# Getting Ready for Kacie Foaling



## Dickel (Mar 9, 2022)

With Kacie getting closer to foaling, I am getting jumpy with the weather keeping the ground soggy. I had plans to make temporary pens in the barn alleyway that I started last summer. I want to get more 6X 6's for future stalls in the center of the barn. Last summer I was waiting for lumber to come down. 12 footers are 85 bucks or more now. They way wait broke the wagon down. Must be true. When I get the gate made and the post in, I will be able to connect it across the alley and also length ways of the alley then still swing it out of the way. I think the video explains it. However, when I view my own videos, I see I skip things I want to show and say. All comments welcome!


----------



## Taz (Mar 9, 2022)

Great idea for temporary stalls


----------



## Kelly (Mar 13, 2022)

Kacie is having a baby! How exciting!! Can’t wait to see pics once it gets here! How many babies do you usually have every year? How many are expected this year? Can’t wait to see pics!!  PLEASE keep us updated


----------



## Dickel (Mar 14, 2022)

Kelly said:


> Kacie is having a baby! How exciting!! Can’t wait to see pics once it gets here! How many babies do you usually have every year? How many are expected this year? Can’t wait to see pics!!  PLEASE keep us updated



Kacie is the only pregnant mare this year. We were having four a year normally until 4 years ago when my Neuropathy in all four limbs slowed me up. I was urged to get rid of the horses by family and doctors. The horses have been pasture ornaments with the mares open. As a stubborn old man, I started to plan to make it possible for me to continue with my condition. I knew I would need to have a solid pace to use my wheelchair as well as a vehicle that fit my needs. With thinking every move I make I have not fell in over a year. I started the videos to prove to family I can safely do all needed chores and building me self as I have all my life.
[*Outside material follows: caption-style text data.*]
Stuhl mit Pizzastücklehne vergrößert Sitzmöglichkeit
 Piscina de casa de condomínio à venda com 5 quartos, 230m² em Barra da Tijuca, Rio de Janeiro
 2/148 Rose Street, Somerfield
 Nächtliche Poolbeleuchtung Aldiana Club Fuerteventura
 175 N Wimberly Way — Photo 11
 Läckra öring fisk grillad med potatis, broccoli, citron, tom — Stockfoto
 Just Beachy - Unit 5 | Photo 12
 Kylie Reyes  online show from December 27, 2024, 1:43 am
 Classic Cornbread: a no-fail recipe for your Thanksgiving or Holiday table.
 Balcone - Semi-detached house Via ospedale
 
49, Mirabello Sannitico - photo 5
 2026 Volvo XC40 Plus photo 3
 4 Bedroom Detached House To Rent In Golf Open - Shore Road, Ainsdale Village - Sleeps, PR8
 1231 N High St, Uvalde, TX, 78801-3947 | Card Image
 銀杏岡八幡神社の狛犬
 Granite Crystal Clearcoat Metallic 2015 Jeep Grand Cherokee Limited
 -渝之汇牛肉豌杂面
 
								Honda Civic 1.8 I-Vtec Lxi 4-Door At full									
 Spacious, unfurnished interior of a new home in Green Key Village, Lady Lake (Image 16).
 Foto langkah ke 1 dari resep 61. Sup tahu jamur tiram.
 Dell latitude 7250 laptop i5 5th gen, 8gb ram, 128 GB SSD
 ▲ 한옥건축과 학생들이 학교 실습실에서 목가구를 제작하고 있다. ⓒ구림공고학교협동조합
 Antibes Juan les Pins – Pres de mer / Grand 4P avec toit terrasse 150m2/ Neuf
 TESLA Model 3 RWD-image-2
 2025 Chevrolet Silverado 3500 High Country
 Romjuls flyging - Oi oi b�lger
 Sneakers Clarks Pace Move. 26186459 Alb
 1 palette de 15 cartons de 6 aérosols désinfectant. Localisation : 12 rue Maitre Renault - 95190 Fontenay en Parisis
I do things and then tell them. At the last doctor visit he sais, I don't want you do do anything stupid. I told hm I planned to live until I died. I had bo intention of dying and waiting years to stop breathing. At this tome I have no other health problems. My only deadly vise I have ever had is over eating from time to time,


----------



## Kelly (Mar 14, 2022)

Oh wow Dickel! You are an inspiration for sure!! You are so right, you only have one life to live, so don’t ever stop. I enjoy seeing what you are up to & I just love your horses!!


----------



## Dickel (Mar 14, 2022)

Kelly said:


> Oh wow Dickel! You are an inspiration for sure!! You are so right, you only have one life to live, so don’t ever stop. I enjoy seeing what you are up to & I just love your horses!!



Thanks! Probly to much info. I get windy when I get started.


----------



## Silver City Heritage Farmstead (Mar 14, 2022)

No, NOT too much info. "I plan to live until I die. Not die and wait years to quit breathing."

I haven't been posting much. Nor have I been LIVING much. Seeing you keeping on shows me that I can, too.

Thank you.

Julie


----------



## Dickel (Mar 14, 2022)

Silver City Heritage Farmstead said:


> No, NOT too much info. "I plan to live until I die. Not die and wait years to quit breathing."
> 
> I haven't been posting much. Nor have I been LIVING much. Seeing you keeping on shows me that I can, too.
> 
> ...



Thanks! You sure can and please do.


----------



## Ryan Johnson (Mar 14, 2022)

How exciting for you Dickel , your first foal in a few years & a super special one at that, considering what you have achieved to get there. You really are an inspiration , you give everyone hope they can do what ever they put their mind too. Wishing you a safe foaling


----------



## Dickel (Mar 15, 2022)

Ryan Johnson said:


> How exciting for you Dickel , your first foal in a few years & a super special one at that, considering what you have achieved to get there. You really are an inspiration , you give everyone hope they can do what ever they put their mind too. Wishing you a safe foaling


Thanks!


----------



## rgsiiiya (Mar 15, 2022)

Dickel said:


> ...I planned to live until I die. I had no intention of dying and waiting years to stop breathing...



AMEN!!!!!

I was just telling my wife over the weekend...When my hips and back finally give out and I can't get a replacement...We're going to put in walkways and ramps so I can keep living and being with my herd!!!


----------



## Dickel (Mar 15, 2022)

rgsiiiya said:


> AMEN!!!!!
> 
> I was just telling my wife over the weekend...When my hips and back finally give out and I can't get a replacement...We're going to put in walkways and ramps so I can keep living and being with my herd!!!



Fantastic! A positive attitude is the first step with God's help.


----------



## MaryFlora (Mar 15, 2022)

Amen to what was posted above by all of you! You remind us that we have a choice in how we approach each day, and I know this is harder for some than for others.

You aren’t long winded either! Thank you for sharing so much of yourself and your wisdom.

As Ryan stayed, safe foaling to your beautiful mare….they are all lovely!


----------



## ValerieS (Mar 31, 2022)

Awww can’t wait to see her baby


----------